Lowdown: A guy escaping law studies becomes the assistant of a has been illusionist.
2008’s The Great Buck Howard is one of those movies that makes one go “what were they trying to say in there, exactly”, but where the answer to that question doesn’t really matter because the hour and a half you spent with the movie trying to figure out the answer was pleasant enough anyway. Between its mildly interesting plot and its fine actors one really cannot argue with this film.
Troy (Colin Hanks, the son of) defies the orders of his father (portrayed by Colin's real life father Tom, who also happens to be a producer) and abandons law school in search of some dream. The matter of what dream it is rather elusive; he wants to be a writer, but then again who doesn’t?
Through this and that, Troy ends up supporting himself by becoming the assistant of a rather peculiar guy, an illusionist called Buck Howard (John Malkovich), whose character is apparently based on a real life dude. Buck is a has been: he used to be a regular on the old Tonight Show, but has been left high and dry for a while and therefore considers Jay Leno the enemy of all that is decent. He does go about the USA performing before smallish audiences at various not so famous establishments, which is where Troy fits. And as peculiar as he gets, Buck is also a decent person.

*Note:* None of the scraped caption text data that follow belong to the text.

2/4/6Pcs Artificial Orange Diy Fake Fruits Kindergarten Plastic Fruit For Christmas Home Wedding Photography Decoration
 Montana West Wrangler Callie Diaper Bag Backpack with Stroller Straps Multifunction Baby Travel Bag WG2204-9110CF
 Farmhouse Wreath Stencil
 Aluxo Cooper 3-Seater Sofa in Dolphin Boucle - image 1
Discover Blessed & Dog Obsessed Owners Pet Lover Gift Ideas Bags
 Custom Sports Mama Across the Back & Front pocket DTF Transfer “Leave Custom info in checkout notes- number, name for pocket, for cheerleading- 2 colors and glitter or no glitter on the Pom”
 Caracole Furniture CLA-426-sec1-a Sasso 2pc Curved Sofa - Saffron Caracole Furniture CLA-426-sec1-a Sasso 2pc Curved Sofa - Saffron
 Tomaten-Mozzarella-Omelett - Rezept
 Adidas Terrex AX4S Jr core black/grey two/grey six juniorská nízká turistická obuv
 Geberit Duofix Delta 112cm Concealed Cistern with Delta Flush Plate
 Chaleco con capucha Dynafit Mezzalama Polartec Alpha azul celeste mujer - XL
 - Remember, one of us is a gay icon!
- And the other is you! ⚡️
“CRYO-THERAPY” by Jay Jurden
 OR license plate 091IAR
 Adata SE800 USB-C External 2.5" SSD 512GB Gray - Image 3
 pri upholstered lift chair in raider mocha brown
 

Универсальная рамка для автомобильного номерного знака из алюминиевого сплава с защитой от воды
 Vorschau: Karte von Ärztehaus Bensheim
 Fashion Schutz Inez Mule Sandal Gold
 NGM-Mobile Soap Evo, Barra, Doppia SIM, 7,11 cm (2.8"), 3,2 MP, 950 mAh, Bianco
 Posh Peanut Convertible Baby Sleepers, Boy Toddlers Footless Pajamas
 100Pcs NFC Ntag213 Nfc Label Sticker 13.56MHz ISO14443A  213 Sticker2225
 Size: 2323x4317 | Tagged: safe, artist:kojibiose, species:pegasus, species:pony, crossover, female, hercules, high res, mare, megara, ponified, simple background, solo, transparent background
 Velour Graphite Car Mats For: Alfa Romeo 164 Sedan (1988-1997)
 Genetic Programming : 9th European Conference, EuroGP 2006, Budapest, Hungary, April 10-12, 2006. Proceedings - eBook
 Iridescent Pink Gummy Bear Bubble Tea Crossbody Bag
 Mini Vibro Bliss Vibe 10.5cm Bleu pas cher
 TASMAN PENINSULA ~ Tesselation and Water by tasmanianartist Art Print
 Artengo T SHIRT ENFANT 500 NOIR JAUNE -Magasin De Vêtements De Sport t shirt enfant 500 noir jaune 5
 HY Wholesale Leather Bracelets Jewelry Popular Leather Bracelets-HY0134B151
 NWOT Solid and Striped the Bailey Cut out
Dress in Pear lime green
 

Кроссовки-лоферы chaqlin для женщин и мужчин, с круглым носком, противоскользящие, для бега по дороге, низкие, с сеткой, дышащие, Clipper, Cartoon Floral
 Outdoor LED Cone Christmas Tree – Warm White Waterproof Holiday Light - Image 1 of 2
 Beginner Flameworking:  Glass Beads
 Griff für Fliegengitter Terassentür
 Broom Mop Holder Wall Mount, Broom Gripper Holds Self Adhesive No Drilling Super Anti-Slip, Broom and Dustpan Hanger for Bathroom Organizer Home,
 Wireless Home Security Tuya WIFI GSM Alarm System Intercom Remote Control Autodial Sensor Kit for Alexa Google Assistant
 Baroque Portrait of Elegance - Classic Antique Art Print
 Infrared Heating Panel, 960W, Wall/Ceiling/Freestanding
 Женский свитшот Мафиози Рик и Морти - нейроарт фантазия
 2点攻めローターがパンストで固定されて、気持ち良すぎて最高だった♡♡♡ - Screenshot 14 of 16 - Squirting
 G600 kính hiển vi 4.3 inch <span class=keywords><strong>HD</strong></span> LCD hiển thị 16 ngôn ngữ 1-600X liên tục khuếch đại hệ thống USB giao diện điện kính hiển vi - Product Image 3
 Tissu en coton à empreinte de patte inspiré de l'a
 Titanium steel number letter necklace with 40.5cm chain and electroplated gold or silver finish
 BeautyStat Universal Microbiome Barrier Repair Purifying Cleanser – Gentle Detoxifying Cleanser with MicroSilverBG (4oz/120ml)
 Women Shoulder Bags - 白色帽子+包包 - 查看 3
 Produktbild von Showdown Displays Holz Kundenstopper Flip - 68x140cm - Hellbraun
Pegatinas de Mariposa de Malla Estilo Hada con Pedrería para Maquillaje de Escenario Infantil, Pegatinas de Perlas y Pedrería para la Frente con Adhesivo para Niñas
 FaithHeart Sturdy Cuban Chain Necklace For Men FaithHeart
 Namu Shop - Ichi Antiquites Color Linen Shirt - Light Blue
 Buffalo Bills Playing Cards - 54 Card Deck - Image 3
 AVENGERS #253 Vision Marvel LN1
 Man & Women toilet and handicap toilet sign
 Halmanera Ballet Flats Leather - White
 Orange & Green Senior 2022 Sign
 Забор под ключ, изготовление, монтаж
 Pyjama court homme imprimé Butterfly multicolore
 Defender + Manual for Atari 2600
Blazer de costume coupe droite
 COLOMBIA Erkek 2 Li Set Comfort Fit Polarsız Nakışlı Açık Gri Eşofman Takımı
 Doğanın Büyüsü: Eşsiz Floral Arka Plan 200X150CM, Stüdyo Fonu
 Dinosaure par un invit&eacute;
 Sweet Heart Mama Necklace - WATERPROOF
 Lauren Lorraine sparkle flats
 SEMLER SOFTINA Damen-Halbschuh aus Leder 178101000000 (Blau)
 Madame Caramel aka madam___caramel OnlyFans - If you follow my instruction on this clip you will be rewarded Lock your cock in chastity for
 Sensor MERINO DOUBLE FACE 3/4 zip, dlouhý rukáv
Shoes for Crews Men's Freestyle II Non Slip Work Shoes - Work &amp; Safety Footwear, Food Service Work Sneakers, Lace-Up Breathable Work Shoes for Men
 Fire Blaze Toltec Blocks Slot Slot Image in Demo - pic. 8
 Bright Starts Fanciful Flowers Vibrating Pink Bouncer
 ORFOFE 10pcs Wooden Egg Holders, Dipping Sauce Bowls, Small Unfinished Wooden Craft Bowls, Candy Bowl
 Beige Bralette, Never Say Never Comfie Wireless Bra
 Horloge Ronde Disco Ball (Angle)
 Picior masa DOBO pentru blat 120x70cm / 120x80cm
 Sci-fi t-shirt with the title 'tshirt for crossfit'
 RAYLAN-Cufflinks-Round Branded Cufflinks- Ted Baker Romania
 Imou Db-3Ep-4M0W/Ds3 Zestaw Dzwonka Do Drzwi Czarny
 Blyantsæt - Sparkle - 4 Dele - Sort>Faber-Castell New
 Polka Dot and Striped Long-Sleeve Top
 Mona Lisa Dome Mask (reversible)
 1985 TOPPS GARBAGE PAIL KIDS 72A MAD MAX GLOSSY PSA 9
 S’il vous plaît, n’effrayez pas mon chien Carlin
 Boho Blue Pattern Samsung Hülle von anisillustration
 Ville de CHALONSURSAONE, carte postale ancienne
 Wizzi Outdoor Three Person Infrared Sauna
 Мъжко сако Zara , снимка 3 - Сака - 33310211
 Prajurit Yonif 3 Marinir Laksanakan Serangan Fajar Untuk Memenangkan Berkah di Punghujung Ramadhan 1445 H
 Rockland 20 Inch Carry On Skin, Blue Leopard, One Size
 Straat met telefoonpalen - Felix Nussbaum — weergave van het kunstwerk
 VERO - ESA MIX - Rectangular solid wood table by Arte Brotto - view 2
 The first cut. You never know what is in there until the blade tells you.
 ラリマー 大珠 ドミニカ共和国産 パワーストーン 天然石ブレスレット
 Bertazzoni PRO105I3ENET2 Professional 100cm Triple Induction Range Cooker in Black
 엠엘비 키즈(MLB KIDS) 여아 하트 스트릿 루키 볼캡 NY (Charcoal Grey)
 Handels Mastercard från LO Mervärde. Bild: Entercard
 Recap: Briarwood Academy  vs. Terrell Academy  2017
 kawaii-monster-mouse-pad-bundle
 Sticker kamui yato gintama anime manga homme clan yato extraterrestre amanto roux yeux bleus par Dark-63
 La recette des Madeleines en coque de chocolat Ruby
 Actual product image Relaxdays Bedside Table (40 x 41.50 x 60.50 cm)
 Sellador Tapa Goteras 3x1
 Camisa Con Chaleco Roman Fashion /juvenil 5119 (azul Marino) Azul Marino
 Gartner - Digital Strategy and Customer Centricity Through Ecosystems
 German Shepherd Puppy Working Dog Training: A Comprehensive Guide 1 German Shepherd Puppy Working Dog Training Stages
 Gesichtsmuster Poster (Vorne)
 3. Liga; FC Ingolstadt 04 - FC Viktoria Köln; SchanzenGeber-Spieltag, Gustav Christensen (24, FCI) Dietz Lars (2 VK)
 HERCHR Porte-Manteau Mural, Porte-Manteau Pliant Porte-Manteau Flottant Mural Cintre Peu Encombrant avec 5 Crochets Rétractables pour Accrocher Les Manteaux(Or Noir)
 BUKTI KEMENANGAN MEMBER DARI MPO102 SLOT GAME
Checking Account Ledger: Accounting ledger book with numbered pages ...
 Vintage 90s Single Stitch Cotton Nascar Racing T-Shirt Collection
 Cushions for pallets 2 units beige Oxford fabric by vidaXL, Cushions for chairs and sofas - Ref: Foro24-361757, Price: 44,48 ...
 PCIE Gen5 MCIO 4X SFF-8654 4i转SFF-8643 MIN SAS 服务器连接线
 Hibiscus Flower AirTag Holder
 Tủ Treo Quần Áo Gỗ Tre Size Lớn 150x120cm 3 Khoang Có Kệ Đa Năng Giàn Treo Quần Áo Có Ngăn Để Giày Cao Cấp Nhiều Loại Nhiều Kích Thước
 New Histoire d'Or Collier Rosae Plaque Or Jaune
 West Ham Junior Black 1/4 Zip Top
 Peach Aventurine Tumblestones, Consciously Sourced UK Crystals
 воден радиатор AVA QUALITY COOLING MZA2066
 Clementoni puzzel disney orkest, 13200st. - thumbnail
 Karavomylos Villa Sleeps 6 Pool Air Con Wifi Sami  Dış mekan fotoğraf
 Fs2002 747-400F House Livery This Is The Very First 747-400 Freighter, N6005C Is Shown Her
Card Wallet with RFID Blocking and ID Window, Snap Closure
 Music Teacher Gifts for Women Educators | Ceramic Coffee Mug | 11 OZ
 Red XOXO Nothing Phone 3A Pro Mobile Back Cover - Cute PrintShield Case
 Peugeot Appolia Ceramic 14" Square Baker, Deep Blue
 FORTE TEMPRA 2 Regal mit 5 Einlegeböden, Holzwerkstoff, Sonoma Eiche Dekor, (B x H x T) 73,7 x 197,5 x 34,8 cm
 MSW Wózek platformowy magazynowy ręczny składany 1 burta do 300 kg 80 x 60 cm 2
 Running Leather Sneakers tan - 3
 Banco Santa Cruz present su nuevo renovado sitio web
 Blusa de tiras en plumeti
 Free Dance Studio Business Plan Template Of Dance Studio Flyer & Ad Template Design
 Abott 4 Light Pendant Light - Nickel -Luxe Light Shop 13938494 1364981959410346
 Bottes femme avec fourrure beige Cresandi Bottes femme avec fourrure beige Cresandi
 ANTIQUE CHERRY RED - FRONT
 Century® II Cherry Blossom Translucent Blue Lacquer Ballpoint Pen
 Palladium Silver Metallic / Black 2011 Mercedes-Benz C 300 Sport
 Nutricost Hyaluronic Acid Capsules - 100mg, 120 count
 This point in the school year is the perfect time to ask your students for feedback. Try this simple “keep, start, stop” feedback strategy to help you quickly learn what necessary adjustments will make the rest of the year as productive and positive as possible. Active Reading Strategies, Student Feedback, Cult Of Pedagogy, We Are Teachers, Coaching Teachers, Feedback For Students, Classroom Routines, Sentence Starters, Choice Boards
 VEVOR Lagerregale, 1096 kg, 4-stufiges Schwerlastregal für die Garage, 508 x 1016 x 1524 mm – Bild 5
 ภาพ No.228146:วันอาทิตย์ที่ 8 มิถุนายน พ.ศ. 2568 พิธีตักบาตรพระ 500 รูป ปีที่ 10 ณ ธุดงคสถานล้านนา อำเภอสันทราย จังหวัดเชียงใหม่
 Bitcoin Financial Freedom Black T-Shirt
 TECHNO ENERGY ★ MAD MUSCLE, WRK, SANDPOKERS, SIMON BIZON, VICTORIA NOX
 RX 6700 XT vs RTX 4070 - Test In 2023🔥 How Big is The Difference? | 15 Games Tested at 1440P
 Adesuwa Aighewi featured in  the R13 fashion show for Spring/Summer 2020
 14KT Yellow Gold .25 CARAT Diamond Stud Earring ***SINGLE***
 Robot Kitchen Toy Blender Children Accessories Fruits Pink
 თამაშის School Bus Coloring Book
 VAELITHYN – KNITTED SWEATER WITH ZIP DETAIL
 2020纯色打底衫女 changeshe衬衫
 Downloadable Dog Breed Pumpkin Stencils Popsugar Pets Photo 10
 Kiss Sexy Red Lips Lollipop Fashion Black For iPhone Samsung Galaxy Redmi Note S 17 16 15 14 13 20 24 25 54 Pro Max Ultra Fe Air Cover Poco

Eventually Buck comes up with a trick that would bring him fortune & glory back, which is why he calls upon for some PR aid. His agency sends a rather reluctant helper (Emily Blunt) instead of the guy he was after, but Troy sure doesn’t mind. Through this and that, all turns out well, and we learn that in this universe what goes around comes around; follow your heart, be good, do good things, and good things will happen to you.
Oh, that good old American dream. Pity it mostly happens in movies.
Overall: Not a bad way to spend an evening. 3 out of 5 crabs.